Ma di questo nessuno parla. Così come nessuno dice che nel
dicembre del 1942 Himmler firma l’ordine di internamento ad Auschwitz degli
zingari tedeschi, a cui si aggiungeranno tutti quelli trovati nei paesi di
volta in volta invasi. 20.000 ne gaseranno nella sola Auschwitz, per non
parlare degli esperimenti medici fatti sui bambini zingari. Lewy parla di
220.000 morti, ma la comunità degli zingari invece fa salire la cifra a 500.000
morti. La cosa tragica è che qualcuno si chieda se si possa parlare di
genocidio anche per loro! E che a chiederselo sia un ebreo è ancora più
sconvolgente.Quanto ai “triangoli rosa”, cioè agli omosessuali, se ne parla
ancora di meno, perché per loro l’anatema vale ancora, checchè se ne
dica.Sempre Heinrich Himmler scrisse su di loro:: "dal 7 al 10%
di uomini sono omosessuali. E se la situazione non cambia, ciò significa che il
nostro popolo sarà annientato da questa malattia
contagiosa... un popolo che ha molti bambini può ambire al dominio del
mondo. Un popolo di razza nobile ma che ha pochissimi bambini possiede solo un
biglietto per l'aldilà...".
Così incominciarono le retate sistematiche, raccontate in un libro scritto da
Le Bitoux e Perre Seel, intitolato: Moi, Pierre Seel, déporté
homosexuel , edito da Calmann-Lévy nel 1994 e mai tradotto in italiano. Le
cifre, documentate, che il libro riporta si commentano da sole: "Più
di 100.000 omosessuali vengono indagati, 60.000 sono in prigione e oltre 10.000
in campo di
concentramento, di cui i due terzi moriranno".

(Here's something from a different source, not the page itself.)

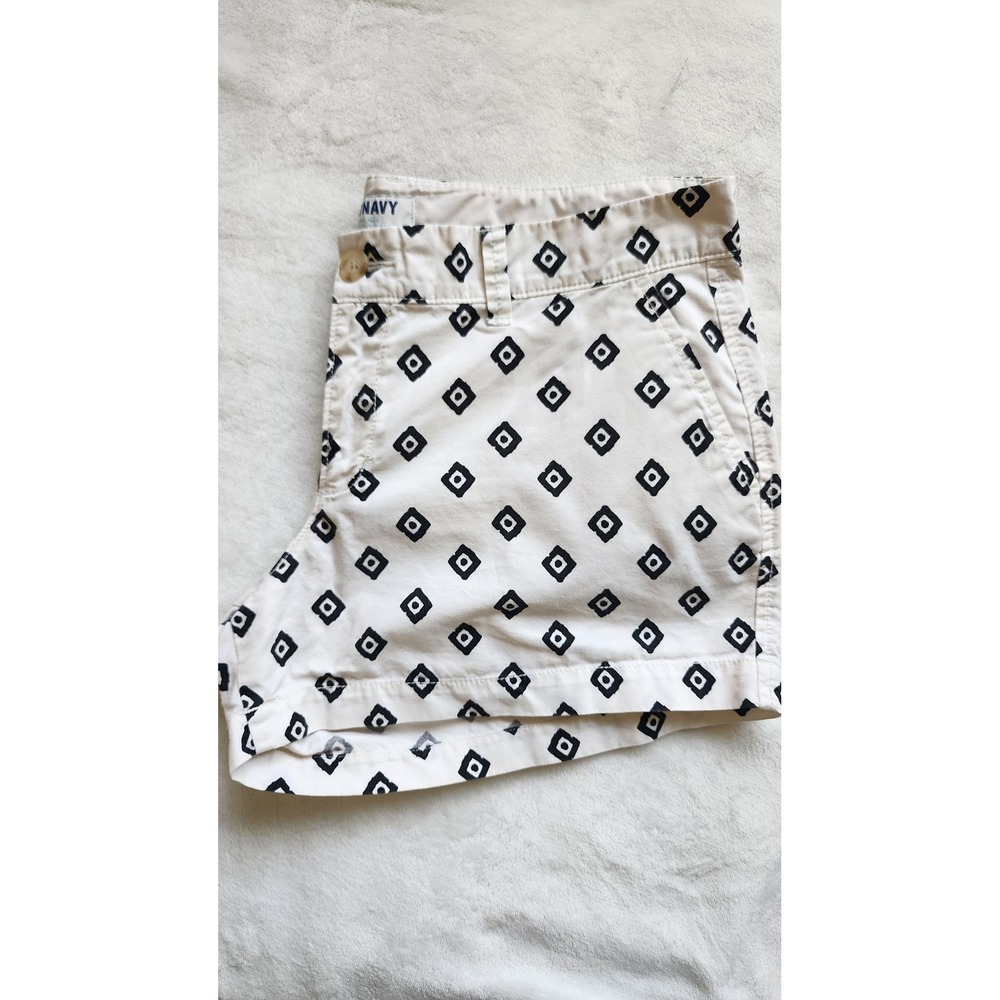 Old Navy Womens Ivory Black‎ Geometric Diamond Print Chino Shorts Size 10 - Picture 2 of 6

Le Bitoux racconta l'orrore dei campi di concentramento attraverso altre testimonianze, mentre Pierre Seel, tra i primi omosessuali deportati che trovarono il coraggio di ricordare, racconta in prima persona: "Ogni volta che gli altoparlanti pronunciavano il mio nome ero terrorizzato perché a volte era per praticare su di me delle mostruosità sperimentali; il più delle volte consistevano in numerosissime punture alle mammelle...". Molti popoli e comunità sono scomparsi nel buio, massacrati da altri popoli e comunità nel corso della storia, ma senza andare troppo indietro, basta ricordare gli Armeni, sterminati dai Turchi ai primi del’900 e i Tutsi decimati dagli Hutu nel Rwanda, pochi anni orsono, ma nessuno di questi massacri di massa, nessuno di questi eccidi, di questi olocausti ha avuto l’onore delle cronache o l’interesse del mondo, tanto a lungo da creare appuntamenti fissi e celebrazioni per mantenerne vivo il ricordo.

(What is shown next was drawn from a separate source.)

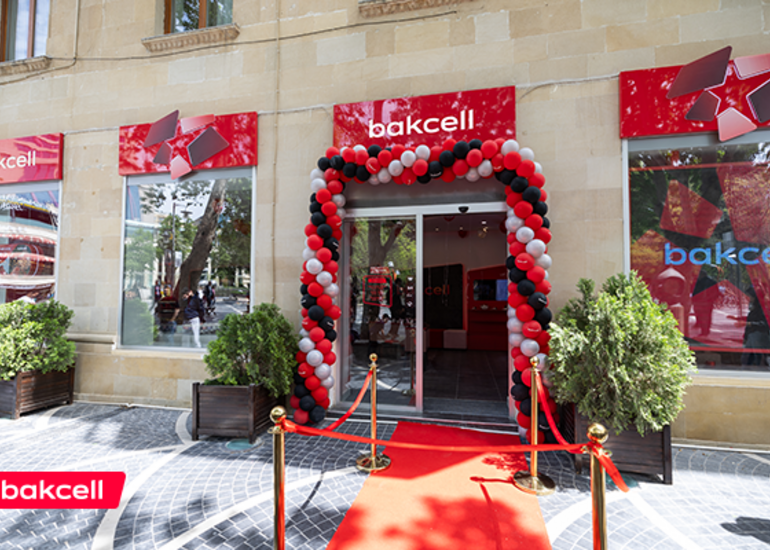 Bakcell Fəvvarələr Meydanında yeni innovativ mağazasını təqdim etdi!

Perché? Forse perché questi popoli erano poveri? O non abbastanza”importanti”? O troppo tranquilli e non aggressivi?E perché ora che il popolo di Israele ha per il popolo palestinese un evidente piano di sterminio, che persegue da anni ed attua con crudele determinazione, nessuno lo ferma? E perché si tira fuori la sgangherata scusa dell’antisemitismo ogni volta che qualcuno ci prova? La shoah non può diventare il paravento dietro il quale nascondere i crimini che Israele perpetua nei confronti della Palestina. Non si può tollerare che gli stessi Ebrei di Israele, che piangono i loro morti nei lager nazisti, bombardino i campi profughi Palestinesi nella striscia di Gaza, come schiacciassero degli insetti. Non si possono avere due pesi e due misure, non si può portare corone d’alloro sulle tombe degli Ebrei e chiudere un occhio sulla morte di migliaia di bambini Palestinesi. No. Se dobbiamo ricordare, allora ricordiamo tutto. Di tutti. Come scrivo sempre, ogni anno: “Nella storia dell’Umanità non ci debbono essere popoli eletti e popoli reietti.”